Lesson 5.1: UCAS and SFE Support
UCAS have a wealth of useful knowledge for practitioners and students on their website. They have updated their webpages to help identify estranged students applying to university. They also have a best practice and intro guide for practitioners supporting applications together with lots of research. The site also gives more detail around the UCAS tick box that has now been introduced. In the practitioner toolkit section of their website they also have information on supporting students throughout the whole application process, from research and pre-application right through to clearing and preparing for transition.
Below is a link to the UCAS estrangement hub. Here you can see examples of some of the support that is available to help students think about their accommodation, wellbeing, application and finances. These are key things that affect estranged student experience when applying to university. We would recommend sign posting any of your estranged students who are thinking of applying to university to look at this UCAS estranged students hub. It is also updated regularly so will have the most up to date information here.
UCAS has a number of tick boxes to enhance the identification of students with individual support needs. One of these questions will enable students who are estranged from their parents to self-declare their circumstances. This is the question on screen.

This is a self-identification question and UCAS do not need any evidence or proof of this, it is to help with data collection and building that national picture. The evidence of estrangement comes at the student finance application stage which we just spoke about.

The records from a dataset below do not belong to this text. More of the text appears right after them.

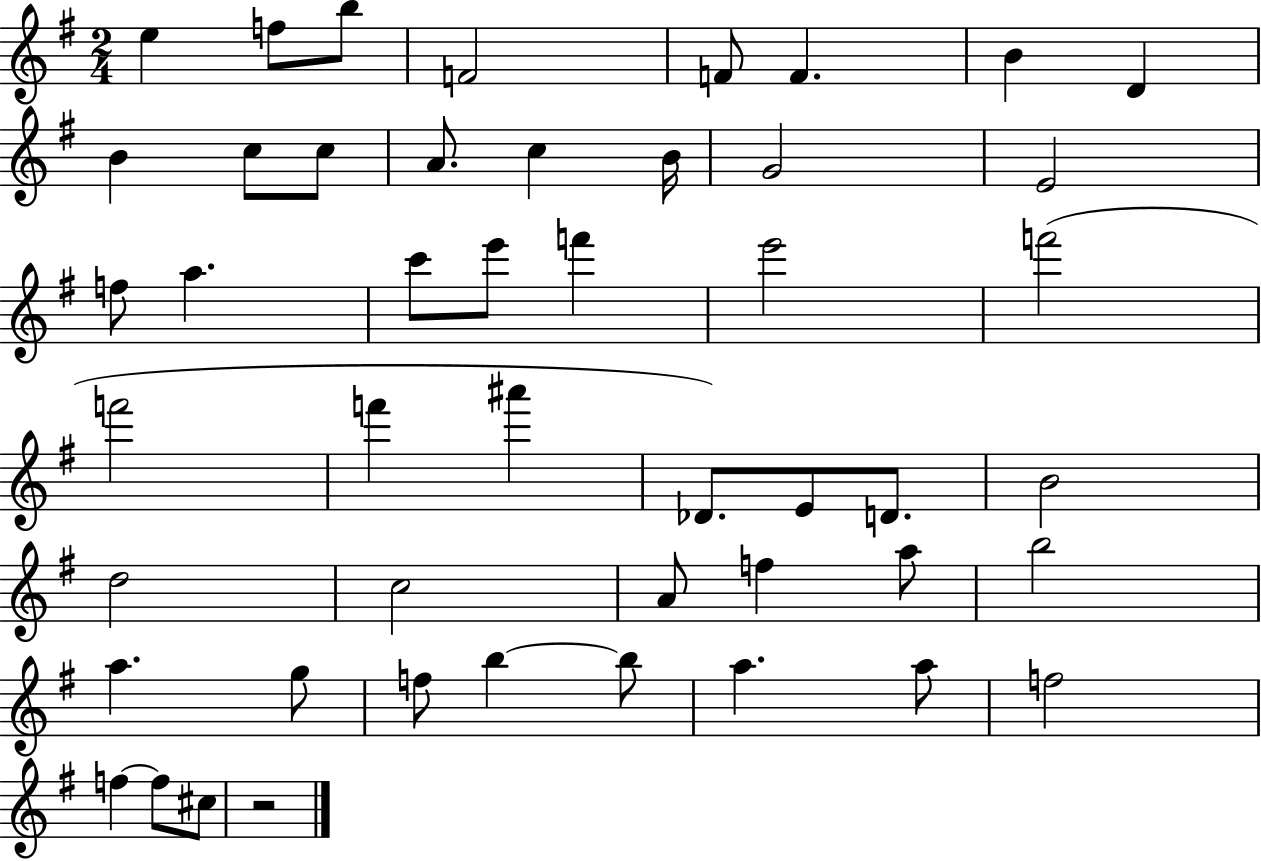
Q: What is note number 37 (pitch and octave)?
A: A5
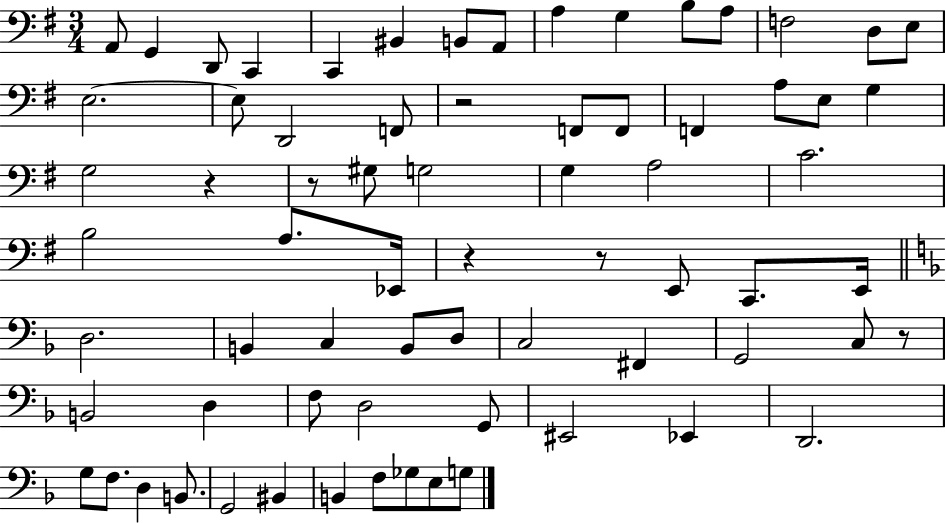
{
  \clef bass
  \numericTimeSignature
  \time 3/4
  \key g \major
  a,8 g,4 d,8 c,4 | c,4 bis,4 b,8 a,8 | a4 g4 b8 a8 | f2 d8 e8 | \break e2.~~ | e8 d,2 f,8 | r2 f,8 f,8 | f,4 a8 e8 g4 | \break g2 r4 | r8 gis8 g2 | g4 a2 | c'2. | \break b2 a8. ees,16 | r4 r8 e,8 c,8. e,16 | \bar "||" \break \key f \major d2. | b,4 c4 b,8 d8 | c2 fis,4 | g,2 c8 r8 | \break b,2 d4 | f8 d2 g,8 | eis,2 ees,4 | d,2. | \break g8 f8. d4 b,8. | g,2 bis,4 | b,4 f8 ges8 e8 g8 | \bar "|."
}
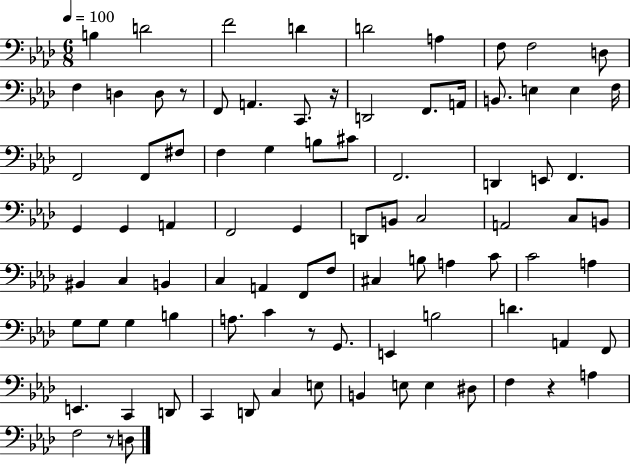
B3/q D4/h F4/h D4/q D4/h A3/q F3/e F3/h D3/e F3/q D3/q D3/e R/e F2/e A2/q. C2/e. R/s D2/h F2/e. A2/s B2/e. E3/q E3/q F3/s F2/h F2/e F#3/e F3/q G3/q B3/e C#4/e F2/h. D2/q E2/e F2/q. G2/q G2/q A2/q F2/h G2/q D2/e B2/e C3/h A2/h C3/e B2/e BIS2/q C3/q B2/q C3/q A2/q F2/e F3/e C#3/q B3/e A3/q C4/e C4/h A3/q G3/e G3/e G3/q B3/q A3/e. C4/q R/e G2/e. E2/q B3/h D4/q. A2/q F2/e E2/q. C2/q D2/e C2/q D2/e C3/q E3/e B2/q E3/e E3/q D#3/e F3/q R/q A3/q F3/h R/e D3/e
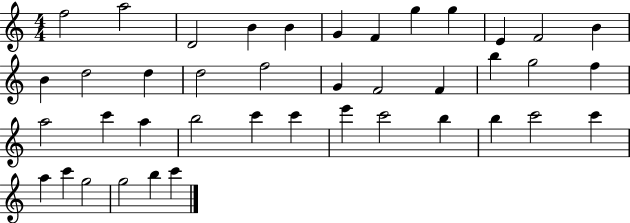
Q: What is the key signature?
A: C major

If a student selects yes to this question, their information will be treated in confidence, and by ticking yes it enables the university or college to help provide support for the students. It may also be used for monitoring purposes to inform and improve support for future students who are estranged from their parents. We hope with the introduction of these new self-identification boxes there will be more data available on estrangement in HE to enable HEIs and other organisations to offer further support for estranged students.
In addition to support from UCAS, universities often provide specific support for Estranged students.
This can include Applicant Support Schemes, providing Contextual Offers (which is where the university considers how personal circumstances may have impacted academic achievement and may offer a grade reduction below the standard entry requirements for the course), and offering interviews for internal volunteering and job opportunities.